[Record excerpts — start]

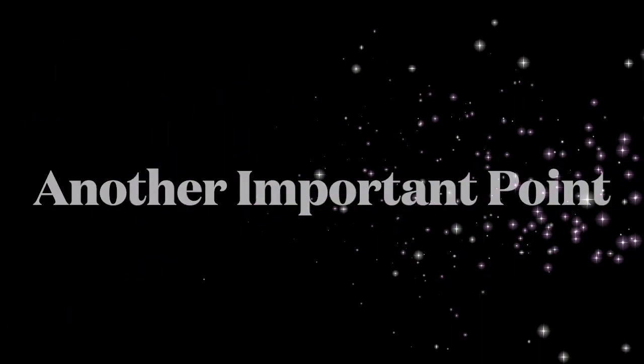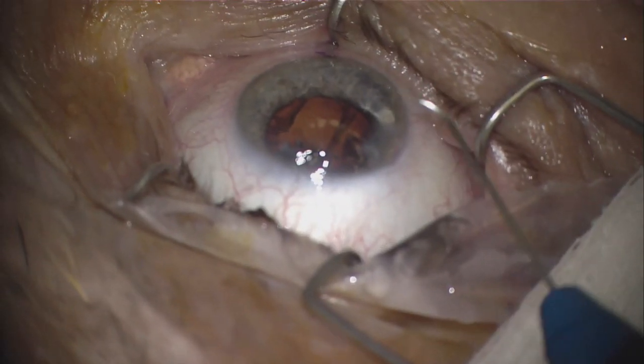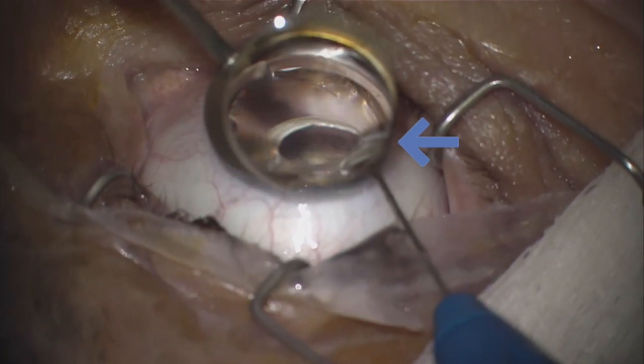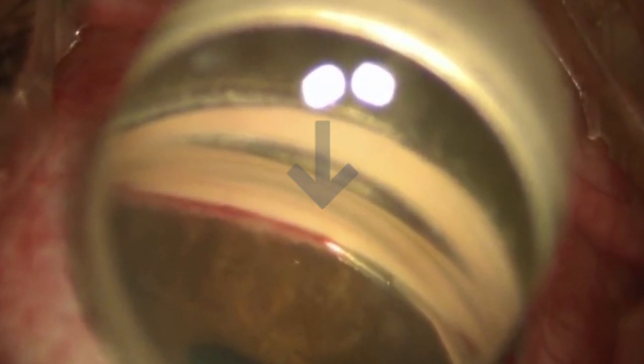Another very important point is that when implanting the Hydrus Microstent, it is vital to select the proper entry target. The best location is 3 to 4 clock hours away from the non-radial corneal incision being used for the entry of the stent. This will allow for the curvature of the stent to glide easily in the angle.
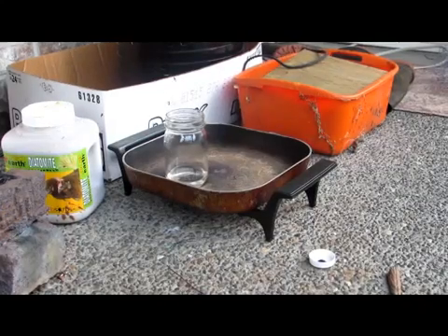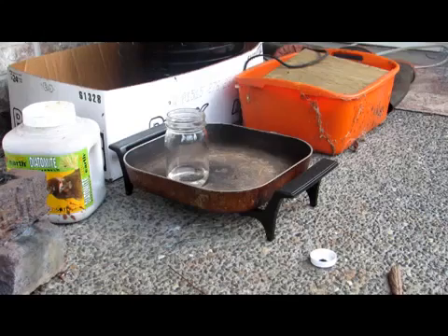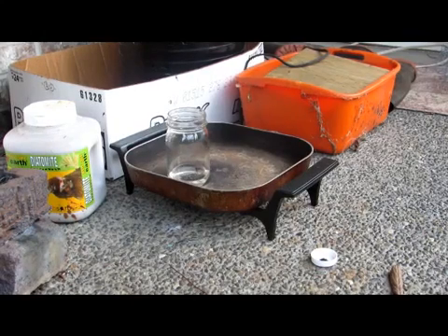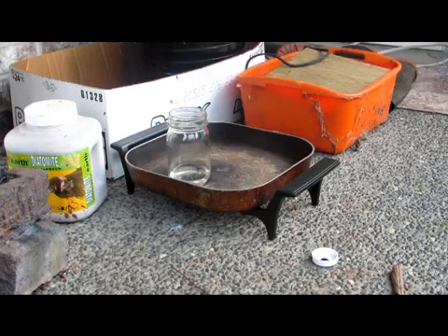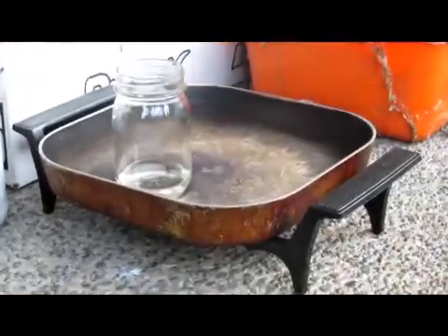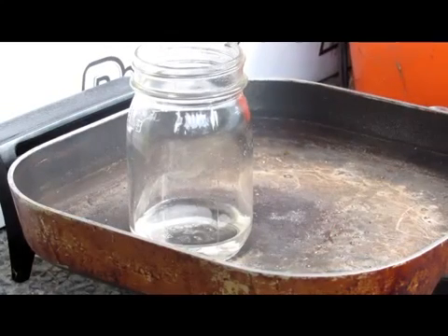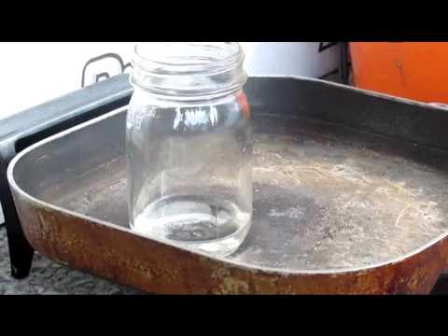You will know your sulfuric acid is done concentrating when either A, it stops boiling and no more gas is released, or B, if your burner is hot enough, then white dense fumes will be released. This is sulfuric acid vapor. But since my burner does not go that hot, there are no fumes, so it will just stop. The concentration is about 70% at this point, and there's your sulfuric acid.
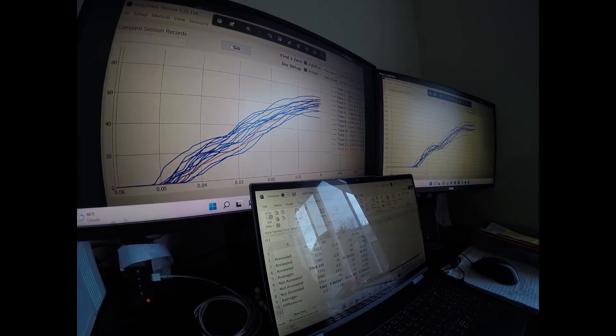Hi everybody. Brian from Witch Doctor here. I did another test today using the amp press.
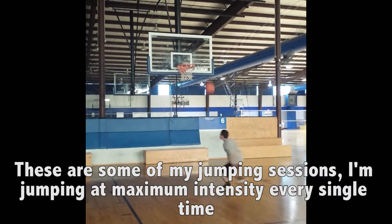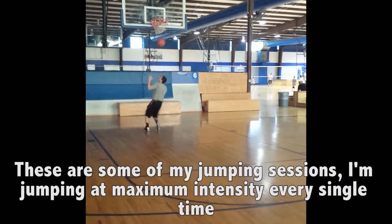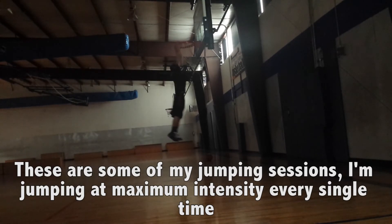If you just jump every single day — and I'm not talking about jump roping or something, I'm talking about maximum effort jumping — like if you can touch the rim, try to grab the rim; if you can grab the rim, try to dunk; if you can't touch the rim, try to touch it. Just jump as high as you can. You don't have to do it every single day, but at least two or three times a week. Have a session where you just jump as high as you can — maybe about 20 jumps or so.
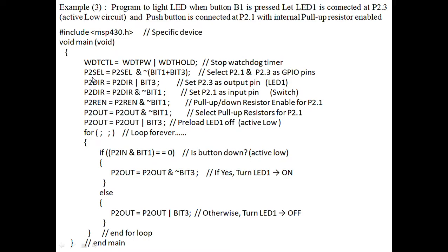Next, we need to select port 2, pin 1 and pin 3 as input and output pins. For that, we use the instruction P2SEL. By using P2SEL, we can select port 2 pin 1 and pin 3. These are active low circuits, so we give complement values. 0 means GPIO pins and 1 means alternative functions. Since the LED is the output pin and the push button is the input pin, these are IO pins. So we give complement values here to operate as general purpose input and output pins.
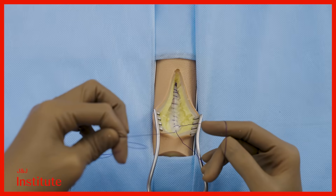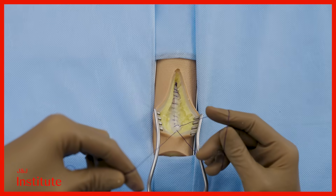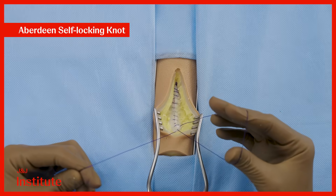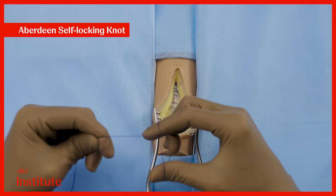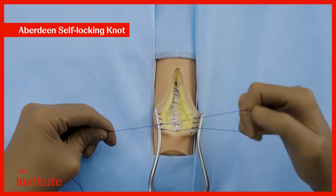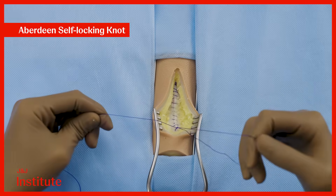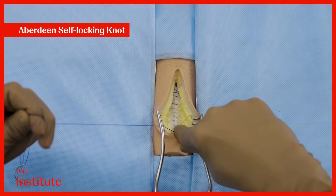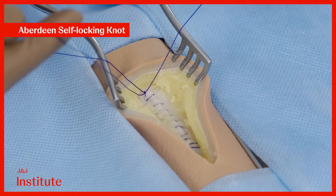When you have finished suturing the length of the incision and you have arrived on intact fascia, we can now complete the closure with the help of an Aberdeen self-locking knot. Pass the long end of the suture through the last loop and tighten the knot by applying traction with the right hand. Utilize the base of this hand to ensure that the knot lies flat on the fascia.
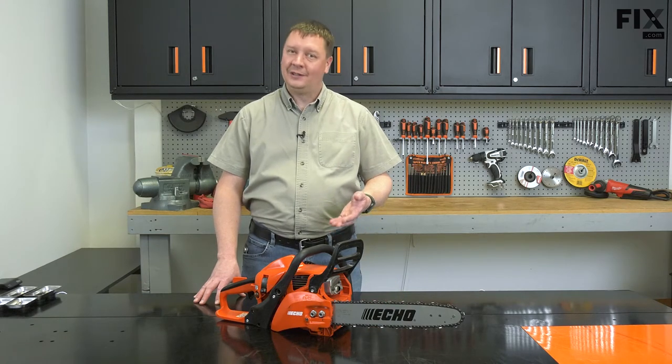Hi, I'm Mark. In this video, I'm going to show you how to access and remove the ignition coil in your chainsaw.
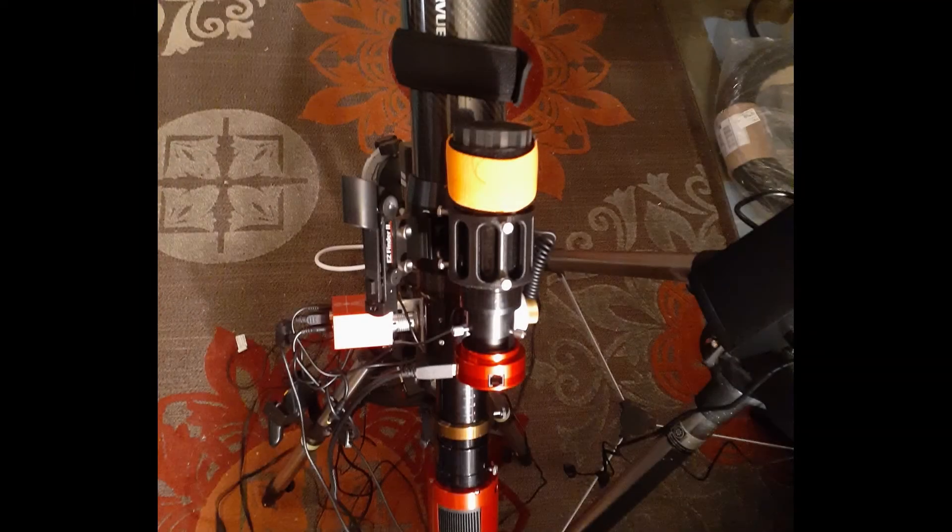Final setup: ASI 294 MC Pro, ASI 120 MC, an E-focuser on a Stellar View 80 Raptor carbon fiber, 50 millimeter Orion guide scope, and a few other bells and whistles. That's the basic setup in conjunction with the IE-XOS mount and the Raspberry Pi 4 with the free Astroberry software, which I burned to an SD card and simply booted the Raspberry Pi from. You can go online and learn all you need about it. I'll include in the description some links to the basics and a general 10,000-foot view.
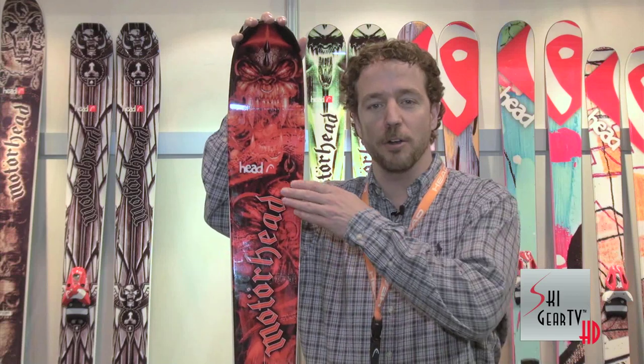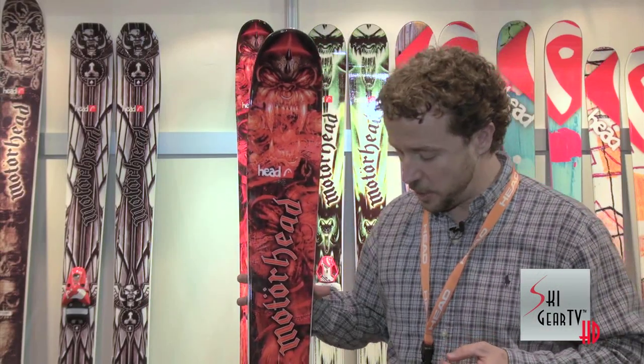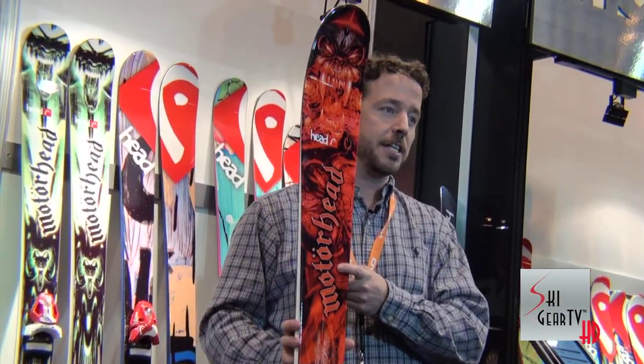We use all-ride rocker in the tip of the ski, regular camber under the foot all the way down through the tail, so you get a lot of versatility, easy float in the powder, but excellent carving and initiation on hard snow that you don't see in most 105 millimeter waisted skis. I urge you to check this ski out.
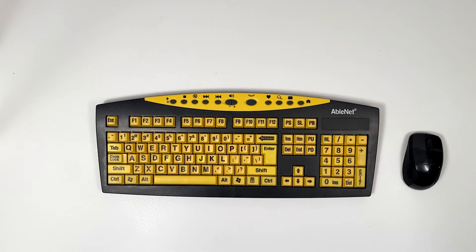Hi, I'm Jim from Ablenut and today I'm going to show you how to get started with the keys you see keyboard and mouse.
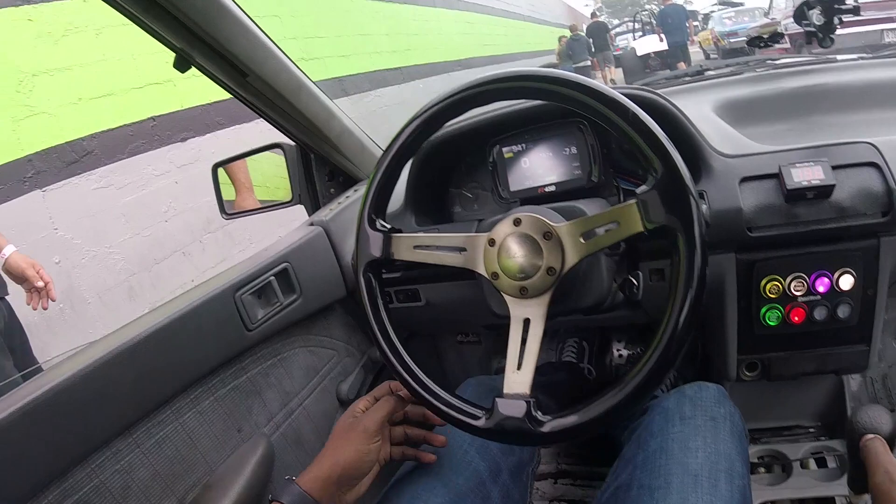I'm gonna start this video with: this was meant to be a track day. I got the fuel tech all wired up and everything seemed good. I'm gonna go and show you my one pass and what happened.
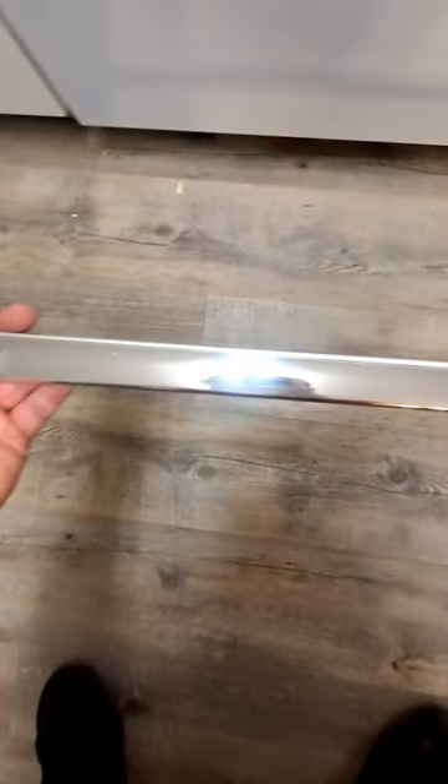After about an hour of first sanding with 220 grit, then 600 grit, and then mag aluminum polish, this aluminum trim is as shiny as a mirror.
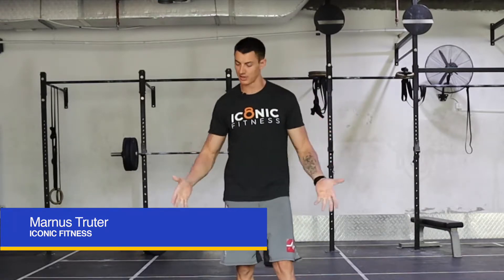Guys, this is Martins from Iconic Fitness. I'm one of the coaches over here and I'm here to give you a quick couple of tips and tactics about something as simple as burpees over an object. It's a very common movement. We see it come up in a lot of competitions, especially the Open.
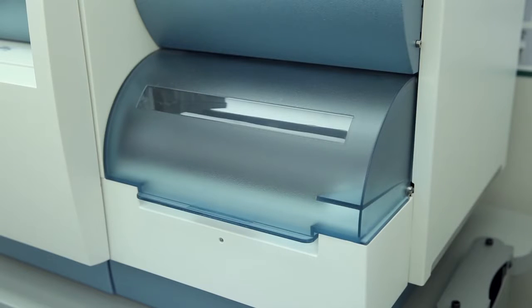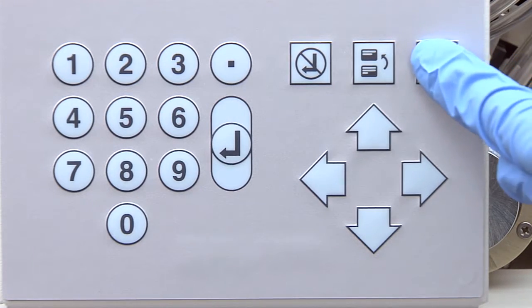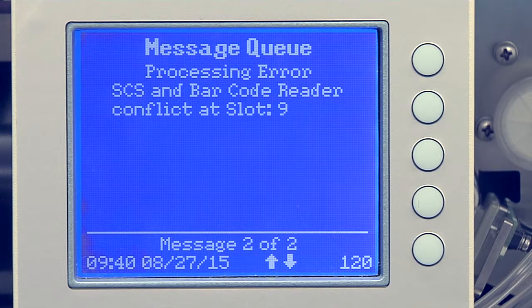If the information does not agree, the cassette is moved back to the Load Unload station and an alarm sounds. Press the Help button on the Vitek2 instrument user interface to acknowledge and read the instrument messages. Note the slot or slots where information is inconsistent with that on the Button Memory module.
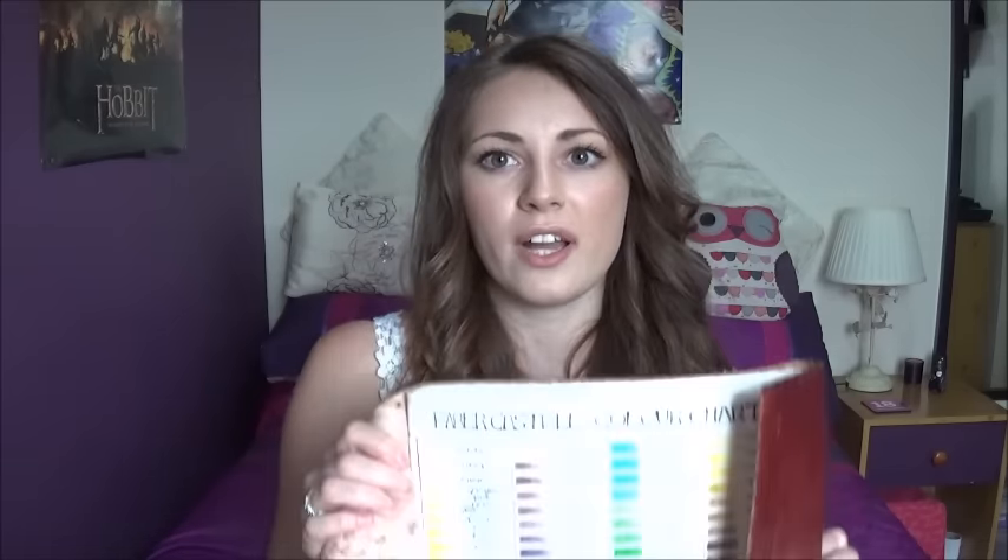My next tip is to make a colour chart. I found I was relying on the colours shown on pencil barrels to choose shades, but when applied they looked completely different. So I made a large colour chart for my whole 120 Faber-Castell set — a small swatch of each colour with its name written next to it. I can then lay my reference photo over the chart to find the most accurate colour match, saving a lot of time spent correcting wrong colour choices.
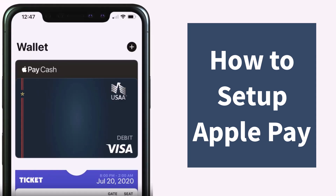Let me show you that real quick. As you can see, I'm on my Apple Wallet app and there you can see my USAA bank debit card as well. That is basically how you set up Apple Pay on your USAA bank card.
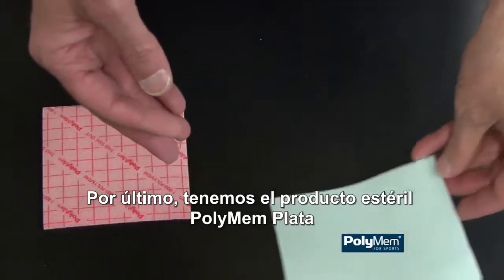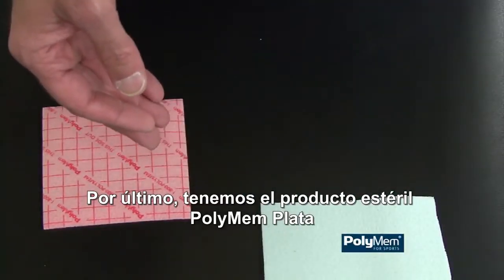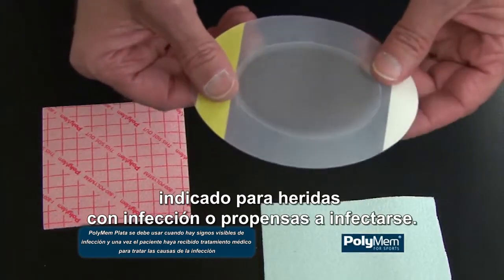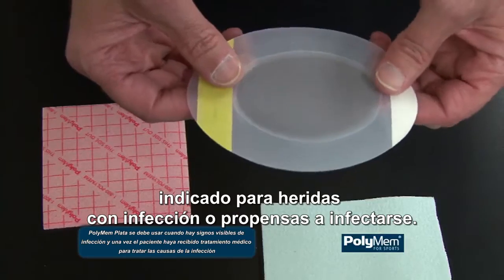Lastly, we have a sterile product, PolyMem Silver, as an antimicrobial dressing for wounds that are infected or may be prone to infection.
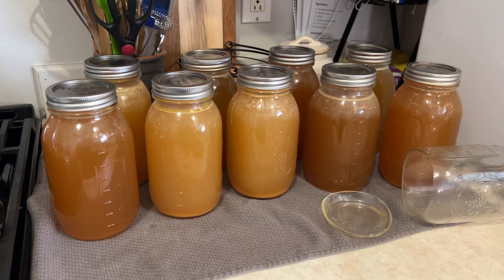Thanks for following along today as we canned bone broth. I'll start bringing you guys along as I learn to can more things — bone broth is one of the few things I've done so far. I want to get into doing soups, beef stew, and stuff like that. If you've canned something recently, drop a comment below and let us know what you've been canning. Thanks for watching!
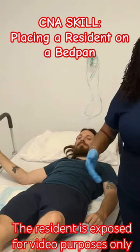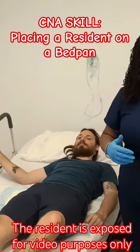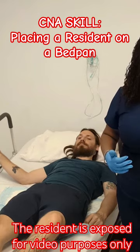Before you leave your resident's bedside, make sure you give them the call bell. Of course, put the sheets back up — but for video purposes, we're just going to lay the resident right back down and take out the bedpan.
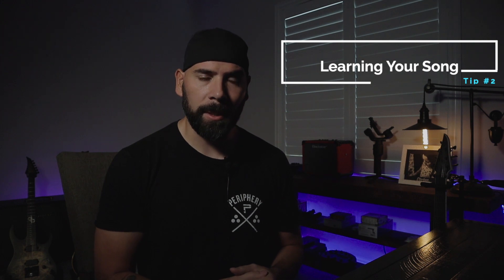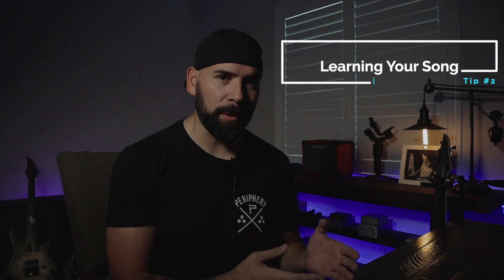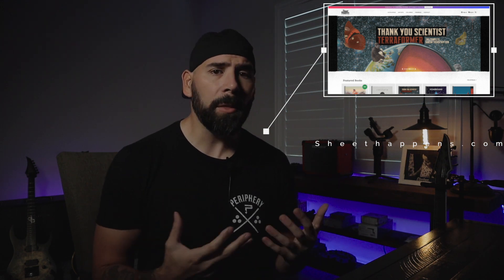Moving on to part two: learning the song. One of the most important parts of learning a song is obviously the tabs, but a lot of people don't make sure they have the correct tabs. There are a lot of websites with user-submitted tabs that you can't always verify are correct. My advice is to do your best to find official tabs — go to the artist's website and see if they have any official tabs you can purchase, usually around ten to fifteen dollars. There are also websites like Sheet Happens, which I'll link below, where they have authorized tabs transcribed from albums and authorized by the bands themselves.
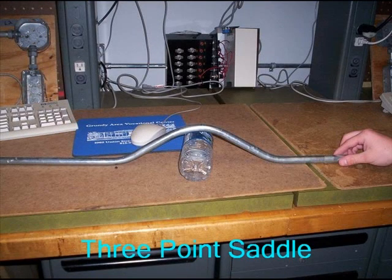This video will walk you through step-by-step on how to make a three-point saddle bend. There are other videos listed of students demonstrating these bends.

[Record excerpts — finish]

▸ **Your instructions**
Beginning with the first entry above, reproduce every line verbatim until the line with "Hi everybody. Brian", which is included too; omit pictures.

▸ **Result of the task**
Another very important point is that when implanting the Hydrus Microstent, it is vital to select the proper entry target. The best location is 3 to 4 clock hours away from the non-radial corneal incision being used for the entry of the stent. This will allow for the curvature of the stent to glide easily in the angle.
You will know your sulfuric acid is done concentrating when either A, it stops boiling and no more gas is released, or B, if your burner is hot enough, then white dense fumes will be released. This is sulfuric acid vapor. But since my burner does not go that hot, there are no fumes, so it will just stop. The concentration is about 70% at this point, and there's your sulfuric acid.
Hi everybody. Brian from Witch Doctor here. I did another test today using the amp press.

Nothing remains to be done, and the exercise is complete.